What Is Financial Shortage?

It is easy to find advice on how to invest in the financial market. However, people do not always take into account something important known as a financial need . When someone decides to invest, it is necessary to analyze this grace period.

In financial investments, there is a period of time when you can not move money. The time between the application and the possibility of financial movement is known as financial shortage.

For example: in the investment contract a grace period of 60 days is foreseen. Thus, only after 60 days of signing the contract will it be possible to withdraw the money. Be the total value or only part of it.

Not every application works like this. Fixed income securities – such as the CDB – may be deficient.

Difference between maturity and financial shortage

Difference between maturity and financial shortage

Grace and maturity are two concepts that arise when there is no daily liquidity in investment. That is, when it can not be daily redeemed without losing value.

A fixed income investment, such as CDB, always has an expiration date. On that day, the investment will win and your money, along with the proceeds, will be credited to your bank account.

The deficiency, as has been said before, is the date from which the redemption can be made.

For example: An investment was made directly with a bank on August 25, 2018. The investor has received the following information:

Deficiency : October 25, 2018

Maturity : August 25, 2020.

This means that as of October 25, the investor CAN redeem the investment. And, on August 25, 2020, the investor MUST redeem the investment, and the redemption will be done automatically, even if the investor forgets that date.

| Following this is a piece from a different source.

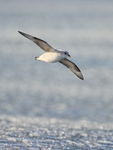 Fulmar in flight above pancake ice, Spitsbergen, Svalbard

There are some investment options with the same vesting and maturity date. This means that it is not possible to redeem the money before the end of the investment. Those are the possibilities with the improved rates.

But caution is needed. What the person who wants to invest needs to analyze is whether the money invested can, or does not stay put. One must know if this amount may be necessary for the investor in a short time.

Remember that it is possible that money needs to be stationary for two years or more.